# 65 Convertible rear arm rest attaching hardware



## Scott06 (May 6, 2020)

I am getting ready to install the rear armrests in my 65 GTO convertible. I bought the car all taken apart so I have no idea what screws are used where to attach these to the body/ Does anyone have any photos or drawings of what is used to attach?


----------



## Sick467 (Oct 29, 2019)

They are Pan Head Screws (two per armrest) and they are just screwed into the inner steel panel behind the inerior panels. There should be holes in the interior panels that would lind up with the holes in the inner steel panel.

#14 Pan Head Sheet Metal Screws - 1-3/4" long. The originals had 10 threads per inch, but Ames sells them with 14 threads per inch...75 cents each.

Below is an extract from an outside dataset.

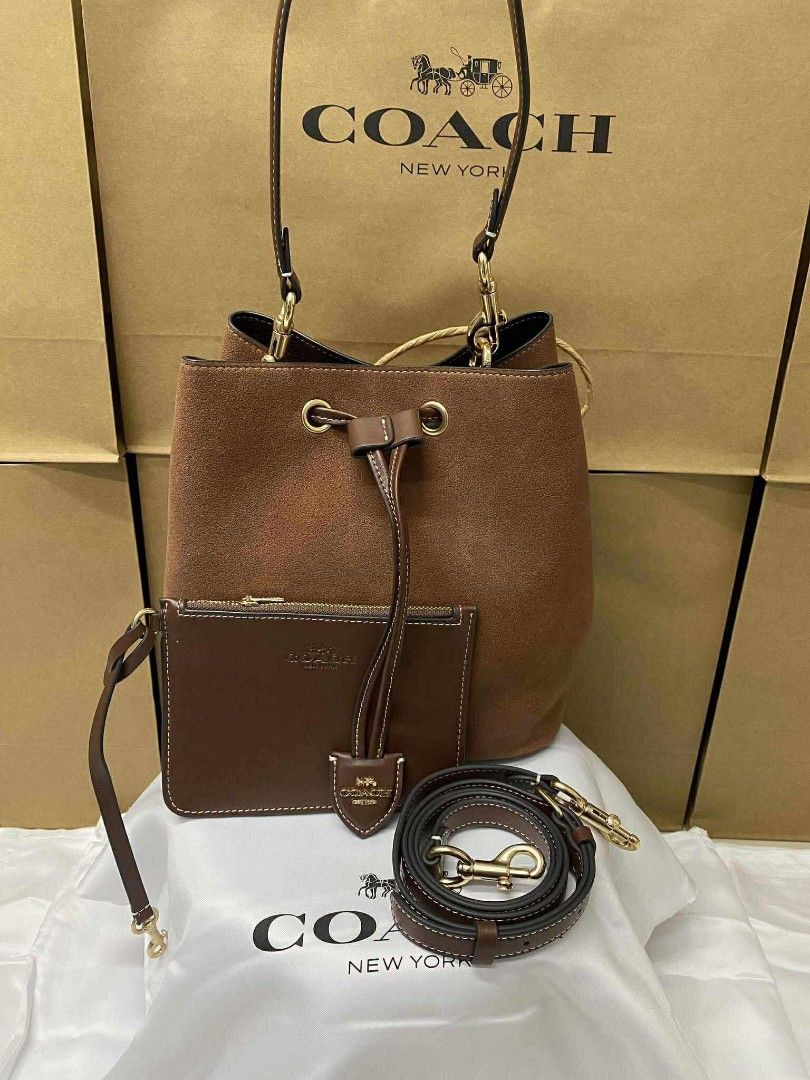 Coach Rowan Bucket (Category: Luxury Bags & Wallets) located in Batangas. Submitted by YSABELLE_MARGARETTE (Listing ID 1399987512, Image 2). Description: - Coach bucket bag - Brown suede - Detachable strap & pouch included - Drawstring closure - Gold-tone hardware - Dimensions: Approx. 22 x 21.5 cm - Includes Coach dust bag, paperbag, card, receipt & individual plastic.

Here's the link to the Ames part...



Search Parts


----------



## Scott06 (May 6, 2020)

Sick467 said:


> They are Pan Head Screws (two per armrest) and they are just screwed into the inner steel panel behind the inerior panels. There should be holes in the interior panels that would lind up with the holes in the inner steel panel.
> 
> #14 Pan Head Sheet Metal Screws - 1-3/4" long. The originals had 10 threads per inch, but Ames sells them with 14 threads per inch...75 cents each.
> 
> ...


Thank you


----------